Alfie Allen, 29, plays Theon Greyjoy, a fan-favorite character who has suffered more than most in the course of the show, currently in its sixth season. He has been kidnapped and castrated, has switched sides and is currently on the way back to his ancestral castle, where, judging by the teaser for Sunday’s episode, a showdown with his sister awaits.
But Greyjoy seafaring skills weren’t much in evidence last Friday, when Mr. Allen, a lifelong Londoner with a winking laddish charm, was in New York to participate in practice races for next year’s America’s Cup.
“I’m not an experienced sailor,” he said after briefly joining the British team, officially known as Land Rover Ben Ainslie Racing. Mr. Allen was the sixth man, a nonfunctional position that may just as well be called “celebrity ballast.”
“They need the weight of a person sitting on that spot, the back center,” he said later, in the restaurant of the Conrad Hotel in Battery Park City, near the team’s mooring at the North Cove Marina.
Mr. Allen is a slightly built man with fair hair and piercing blue eyes, who weighs, he said, “10½ stone.” That is 147 pounds, or two-thirds of the 100 kilograms (about 220 pounds) the sixth man is expected to provide. The rest was made up by weights.
“I wasn’t really doing much,” he said. “You sort of lie down in the back and watch them do their thing.” Ben Ainslie, the English competitive sailor, “was lovely,” Mr. Allen said. “You’re not supposed to talk to the team when you’re on the boat, but they were talking to me. And you can’t swear.”
He added, “I swore.”
Friday was cold and wet, conditions that are familiar to Mr. Allen from filming in Northern Ireland.
“I’d say just shooting ‘Game of Thrones’ prepared me for that sort of thing, because HBO likes to keep it real,” he said. “When you see me sleeping with the dogs, I’m really in there with the dogs, in the dirt. It definitely can get pretty freezing.”
Mr.
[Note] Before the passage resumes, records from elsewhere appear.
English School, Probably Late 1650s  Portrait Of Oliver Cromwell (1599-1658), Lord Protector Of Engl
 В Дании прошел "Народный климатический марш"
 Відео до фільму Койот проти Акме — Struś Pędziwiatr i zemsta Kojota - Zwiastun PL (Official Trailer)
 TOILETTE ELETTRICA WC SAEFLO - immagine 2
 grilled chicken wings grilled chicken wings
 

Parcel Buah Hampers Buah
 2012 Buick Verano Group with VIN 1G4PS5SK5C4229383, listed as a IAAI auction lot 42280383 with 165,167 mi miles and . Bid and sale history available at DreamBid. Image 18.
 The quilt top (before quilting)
Allen is sometimes portrayed by British newspapers as a party boy, but on Friday evening, he was a model of rectitude, nursing a hot tea even as his retinue of three handlers (some of whom had been on duty in the elements for 12 hours) moved on to adult drinks.
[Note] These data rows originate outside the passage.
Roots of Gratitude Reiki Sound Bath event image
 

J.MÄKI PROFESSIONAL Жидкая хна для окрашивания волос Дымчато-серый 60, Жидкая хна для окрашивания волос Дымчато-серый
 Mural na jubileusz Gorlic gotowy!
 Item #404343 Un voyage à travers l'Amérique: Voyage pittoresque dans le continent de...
“I got you the Malbec,” he told his manager, solicitously, as she motioned to order another glass of whatever it was she was drinking.
“I would love a Malbec if she’s having a Malbec,” a weary publicist added.
Mr. Allen, who was smartly dressed in a John Varvatos collarless jacket, immaculate white Nike Air Force 1 low-tops and a T-shirt from the artist Mike Kelley’s posthumous exhibition at the Los Angeles Museum of Contemporary Art, merely cupped his tea, a slightly forced study in boyish innocence.
Mr. Allen grew up among artists, musicians and filmmakers. His father is an actor, his mother a film producer, and his sister the pop singer Lily Allen.
“For years, my dad’s friend Joe” — Strummer — “was just my dad’s friend,” he said. “And it was only when I was 12 or 13 I learned that he was the lead singer of a band called the Clash.”
Mr. Allen’s popular cultural debut came 10 years ago, as the subject of a single from his sister’s debut album. The song, “Alfie,” portrayed him as a hopeless teenage stoner, in need of an intervention. “I just can’t sit back and watch you waste your life away/You need to get a job because the bills need to get paid,” Ms. Allen sang in her cheerful, upbeat style.
“The song is born out of love for me,” he said, adding that he was “in Canada getting qualifications to teach kids how to snowboard” when it was released. “My sister, I guess, she was missing me. I didn’t really expect it to be what it was.”
That all seems very long ago, six seasons into the world’s most successful TV show. Now, Mr. Allen has his pick of projects. This week, he began rehearsing “The Spoils,” a play written by and co-starring Jesse Eisenberg, which debuted in New York last year and is having a London run this summer.
As for Theon: His father, the Lord Reaper of Pyke, was recently hurled to his death, creating a power vacuum in the Iron Islands. It seems very likely that the young lord will have to battle his ambitious sister to become the new head of House Greyjoy.
Right, Mr. Allen?
“Maybe something close to?” he offered, stroking his blond whiskers. “But it’s not. So you’ll just have to wait and see.”